Tokushoryu, a relative unknown until his incredible winning streak at the new year tournament, shoved and threw his way through a succession of “superior” opponents in Tokyo, ending the 15-day contest on Sunday with an unassailable 14 wins and one defeat.
The 188kg wrestler manhandled Takakeisho — an ozeki champion wrestler — out of the dohyo ring in his final bout and promptly burst into tears, while the crowd at Tokyo’s Ryogoku Kokugikan Stadium roared their approval.
“I might have cried too much, but at that moment I felt relieved from all the pressure,” Tokushoryu said in a post-bout interview, according to Kyodo news agency.
“Deep down, I’m feeling like: ‘Is it okay for me to win the championship?’ I was the lowest-ranking fighter, so I had nothing to fear. I just had to give it everything I had,” he said.
Tokushoryu’s victory and the emotion that followed drew a positive response on social media, with some Internet users also pointing to his playful side.
“He was so emotional.

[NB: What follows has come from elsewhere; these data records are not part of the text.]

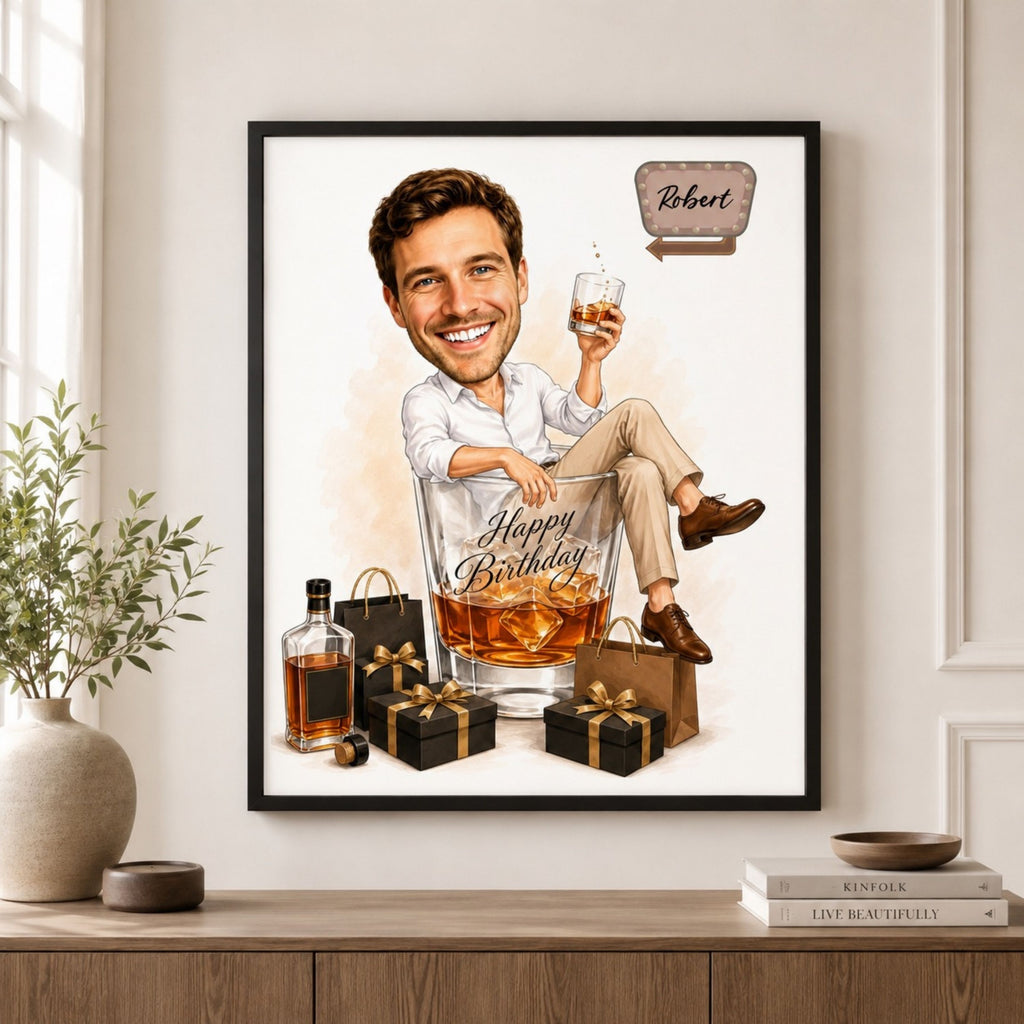 Custom Male Birthday Caricature – Whiskey Gift Portrait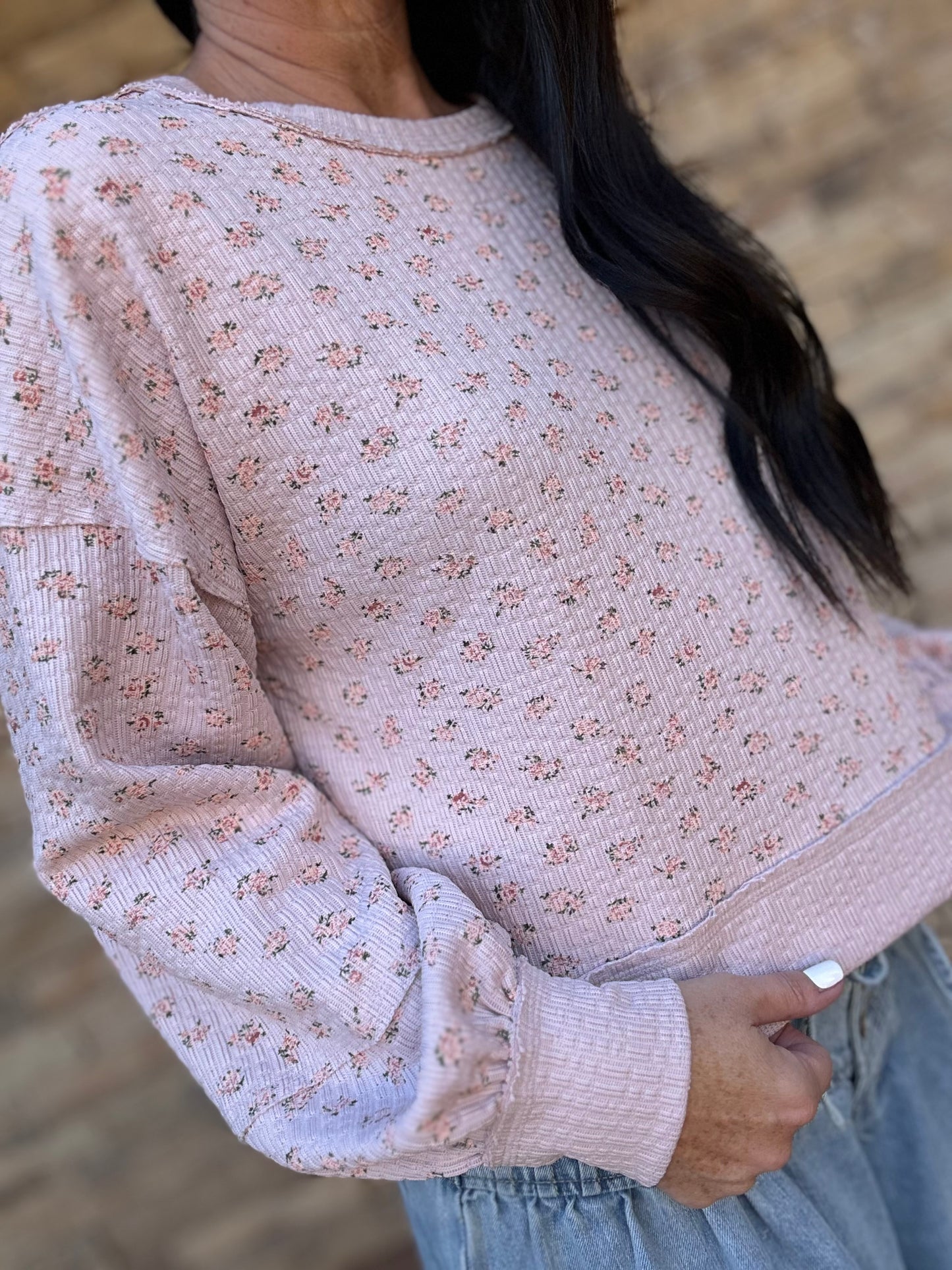Floral Sweatshirt, Blush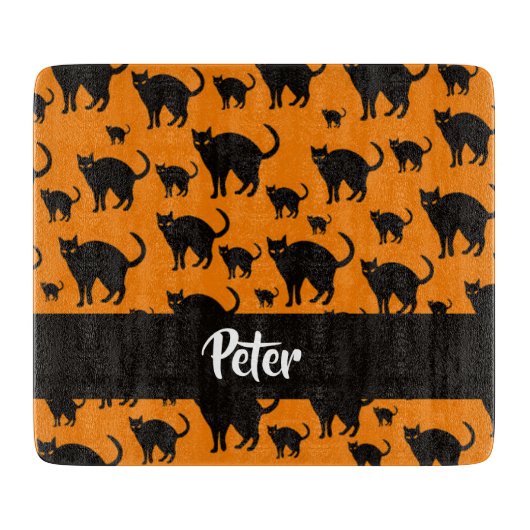 Zwarte katten op sinaasappel snijplank (Voorkant)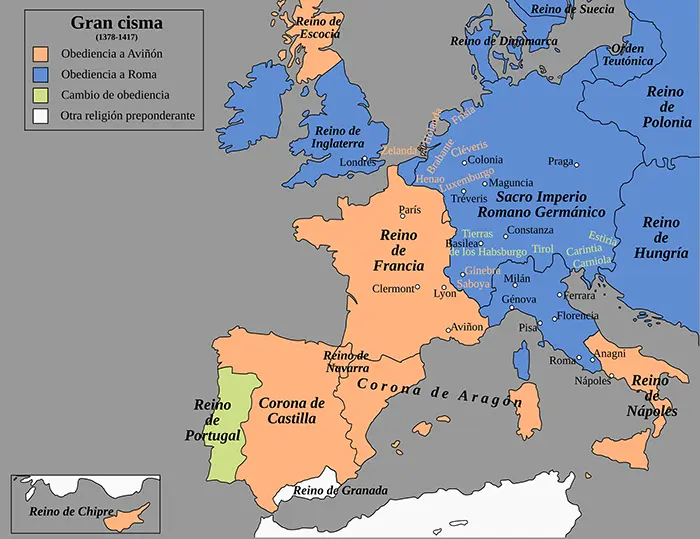 Mapa de la polarización de los reinos de Europa en el Cisma de Occidente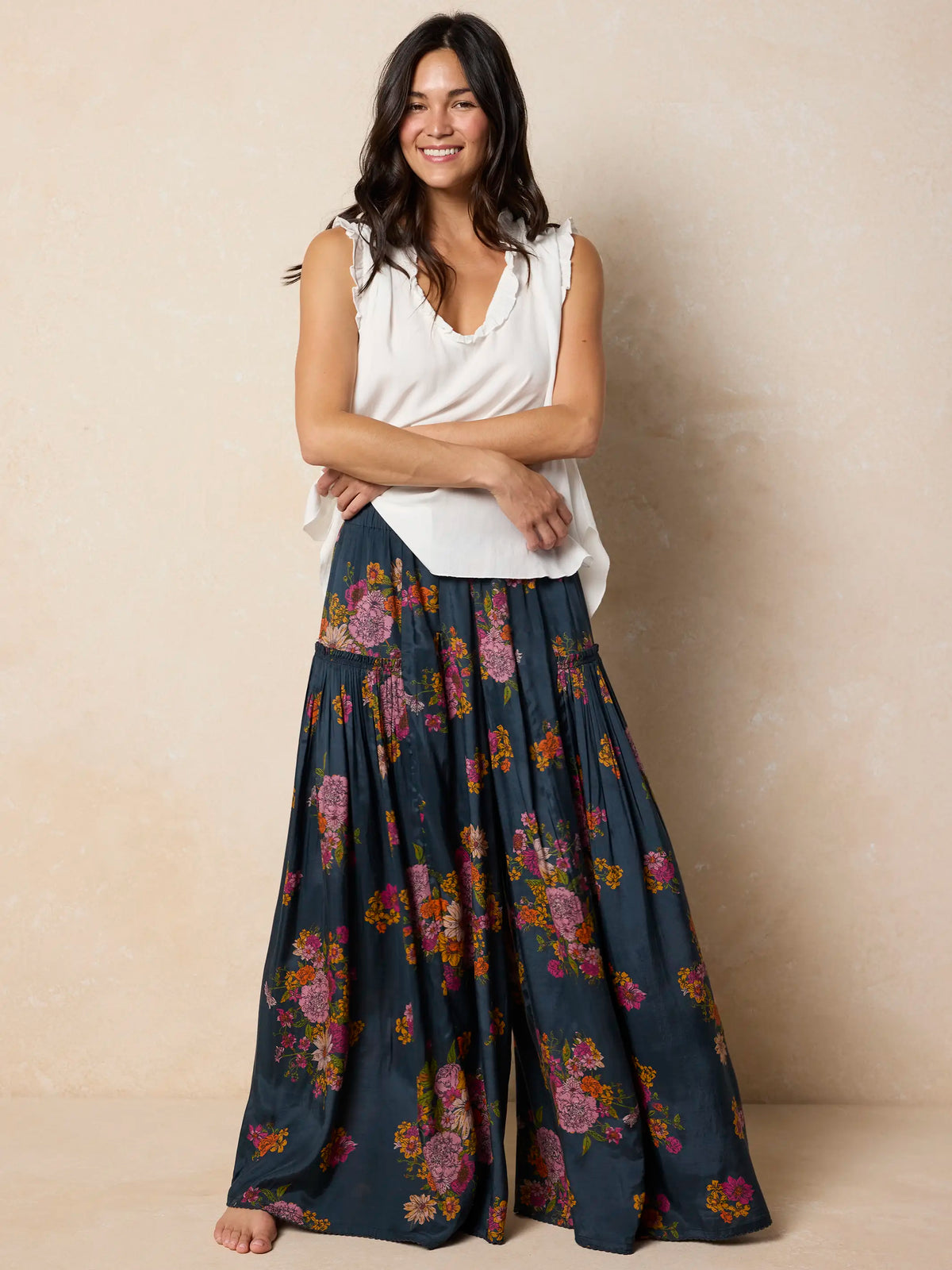 Margaux Wide Leg Pant - English Garden Charcoal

One moment he was laughing, the next he was crying. And he was really blubbing. I’m going to keep cheering him on,” one person tweeted.
“I was so impressed,” another wrote. “It was a tear-stained win over Takakeisho and everyone in the stadium was captivated.”
Tokushoryu, who held the lowly rank of No. 17 maegashira going into the tournament, became the first bottom-ranked wrestler to win a top-division sumo title since March 2000.
He later said he had been inspired by the death, midway through the competition, of his university coach.
“I thought I should do it for him,” he said.
The 33-year-old, who had spent the previous 13 tournaments fighting in the ancient sport’s second tier, is also the first wrestler from Nara, in western Japan, to lift the prestigious Emperor’s Cup in the past century.
His heroics, along with displays of emotion not usually seen in the sumo world, captivated fans more accustomed to watching titles go to elite wrestlers, including the Mongolian-born yokozuna grand champions Hakuho and Kakuryu, who both missed the Tokyo tournament due to injury.
A day after his achievement, Tokushoryu was still struggling to keep his emotions in check when asked how he had managed to put on one of the most extraordinary displays of sumo for many years.
“What have I done?” he said. “It feels like a dream. I don’t feel like myself. I feel like I’m walking on clouds.”